Problem: Repeat the listing that follows exactly. Pictures are not part of the copy.
── Data block
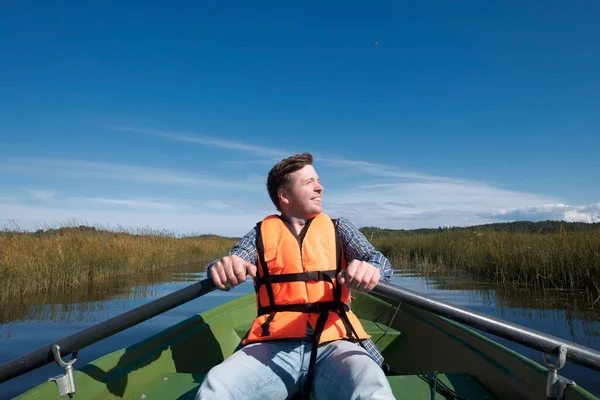 Ein junger Mann in Schwimmweste sitzt in einem Boot — Stockfoto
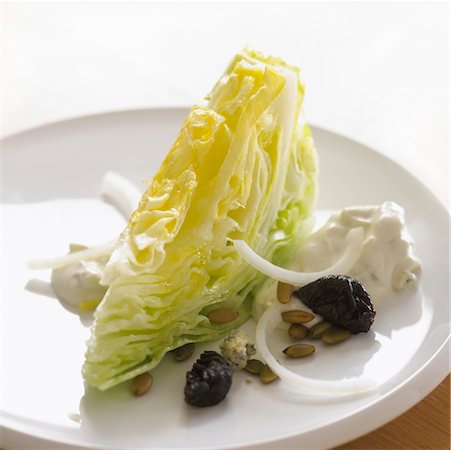 simsearch:700-01099893,k - Iceberg Lettuce Blue Cheese Salad Stock Photo - Premium Royalty-Free, Code: 600-01083400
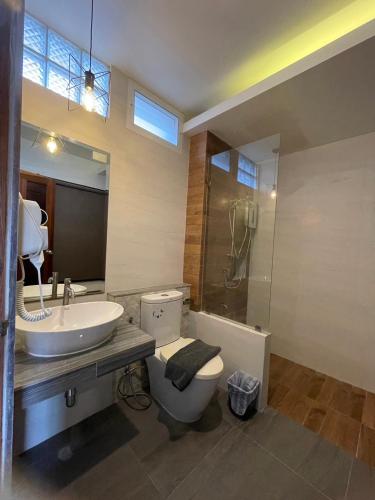 a bathroom with a sink and a toilet and a shower at Lanta Corsica Hotel in Ko Lanta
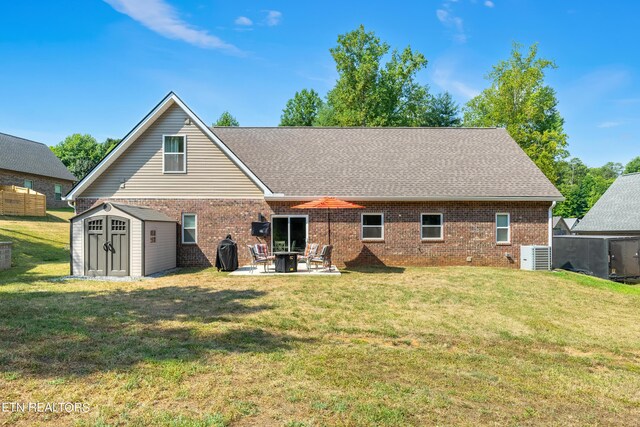 back of house with a yard, cooling unit, a patio area, and a storage shed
────
Exercise output:
 Ein junger Mann in Schwimmweste sitzt in einem Boot — Stockfoto
 simsearch:700-01099893,k - Iceberg Lettuce Blue Cheese Salad Stock Photo - Premium Royalty-Free, Code: 600-01083400
 a bathroom with a sink and a toilet and a shower at Lanta Corsica Hotel in Ko Lanta
 back of house with a yard, cooling unit, a patio area, and a storage shed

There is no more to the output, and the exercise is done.